Success can be a little difficult to measure sometimes. “I won an art contest when I was in second grade, but how well can you really draw in second grade?” Steven Paul Judd asked, rhetorically. “Maybe my mom knew the teacher, or she had some kind of hookup.”
The humor and clear-eyed evaluation of circumstance are hallmarks of what Judd, a Choctaw artist, does in his work. But just because something doesn’t really make sense, doesn’t mean you can’t take something from it. Like that art contest.
“Someone told me I was really good at drawing,” Judd says, “so I kept drawing. I had one art class in high school and maybe one in college, but I kept trying because I believed that teacher.”
Judd, the son of Methodist ministers, was born in Lawton and raised in Oklahoma. A stint in Los Angeles writing for television ended and so did his vagabondage, and he returned to Oklahoma. But his love of travel remained, so he chose OKC to be closer to the airport. That’s really his answer; he delivers it with uninflected honesty and no apology for the explanation not being more interesting. I asked; he answered. It’s refreshing, and not at all what you’d expect from an artist whose work is fascinating because it’s so funny, ironic, tragic and inspired.
“When I got back from L.A., I was looking for Native pop art,” he says. “I couldn’t find anything that I liked, so I decided to make my own.”

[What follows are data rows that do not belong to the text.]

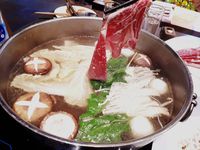 Begini Cara Tepat Nikmati Shabu-shabu Wagyu Australia ala Chef Resto Jepang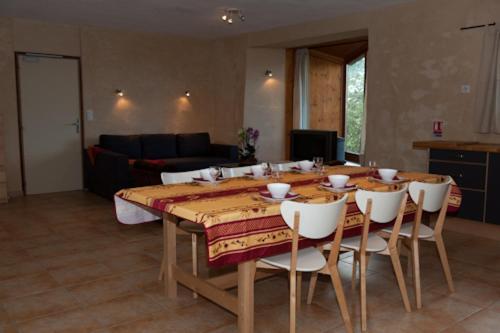 Domaine Bellelauze Hotel Bouriège Szoba fotó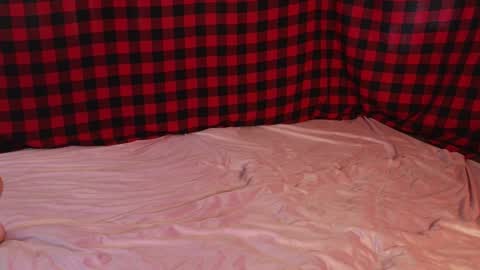 Tim n K     Mic is on in PVT online show from 01-22-25, 03:20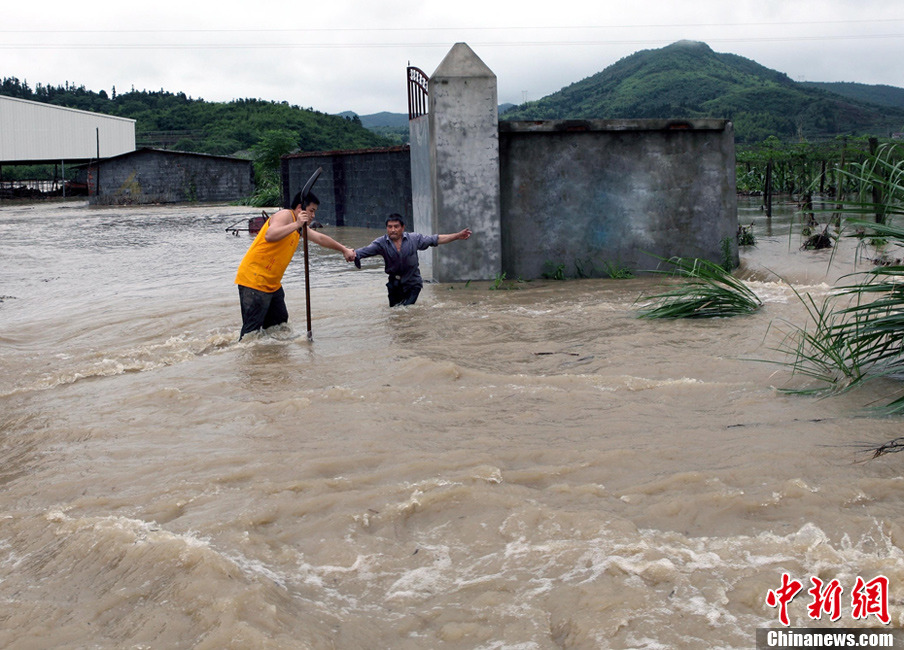 南方近日连遭强降雨 浙江发布首个暴雨黄色预警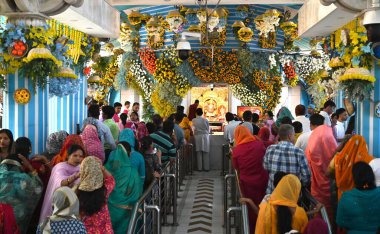 NEW DELHI, INDIA - 30 Mart 2025: Takipçiler Jhandewalan Tapınağı 'na Navratri' nin ilk gününde, 30 Mart 2025 tarihinde Yeni Delhi, Hindistan 'da ulaştı. (Fotoğraf: Arvind Yadav / Hindustan Times)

Today, his apartment is an externalized metaphor for his creative imagination: bursts of color, corners full of projects, tables strewn with Rubik’s cubes and Zippo lighters – both are being modified into pieces of functional pop art – acrylics adorning the walls, a stuffed bison head staring at visitors from a living room wall, a pinball machine with Native warriors on horseback, a hat collection that is a combination of practical headgear and wearable art, sneakers, gewgaws, fabrics and just too many things to categorize. To talk to Judd about art is to jump from one instantiation of artistic imagination (the plastic bunny topiary on the balcony) to the next (a six-episode, limited series script he’s writing for a major streaming service) to one seemingly unrelated (giant dice for a casino opening in Durant). He has an apparently inexhaustible reservoir of creative energy and imagination.
“I know I hit the zeitgeist when I started creating my own art,” he says. “I was making things that people were looking for right then.”
While that is certainly true, it fails to underscore that the kinds of work he does are desirable in other artistic climates, too. He’s a “Trojan horse” artist, and there is always room for the artist who creates what he loves, but also manages to poke and prod and challenge at the cultural touchpoints we all have difficulty talking about. It’s certain that for most our history Native pop art imagery was created by and controlled by non-Native creators: film, painting, television, etc. Part of Judd’s task has been to excavate those images and then reify them with messages both funny and powerful. On one of his living room walls is an acrylic image of an iconic Native chief with the words, “I loved America before it was called America.”
“Imagine growing up and in every movie, television show and ad featuring people who looked like you and your family, they were only shown in historical context,” Judd says. “It would be like white people were only portrayed as Pilgrims. It’s weird. Most of the depictions of us were embarrassing, but I also get embarrassed when people tell me I’m wrong, so I want people to see the images and realize on their own that they had something to learn.”
Excavating those images means updating them, too, bringing depictions of real Native people into the pop culture mainstream, so television and streaming make sense as areas of intense focus. The series he’s writing features a Native American actor in the lead, playing a Native American – a combination rarer than you’d expect.
As the dice indicate, Judd is also working on large-scale installations, a new thing for him. One series will feature Native dancers with paint on their feet dancing out motion art on canvas. Another is a large-scale ledger art project, an updating of the 19th century form named for the ledger book paper Native artists used to extend the work they’d originally done on animal hides. Again, there is no end to Judd’s creative stream, and any object can become a piece of art in his mind and hands.
“Honestly, I’m creating art for my 12-year-old self,” he says. “I wanted cool stuff, too – skateboards with Native imagery, action figures, sneakers – what 12-year old doesn’t?”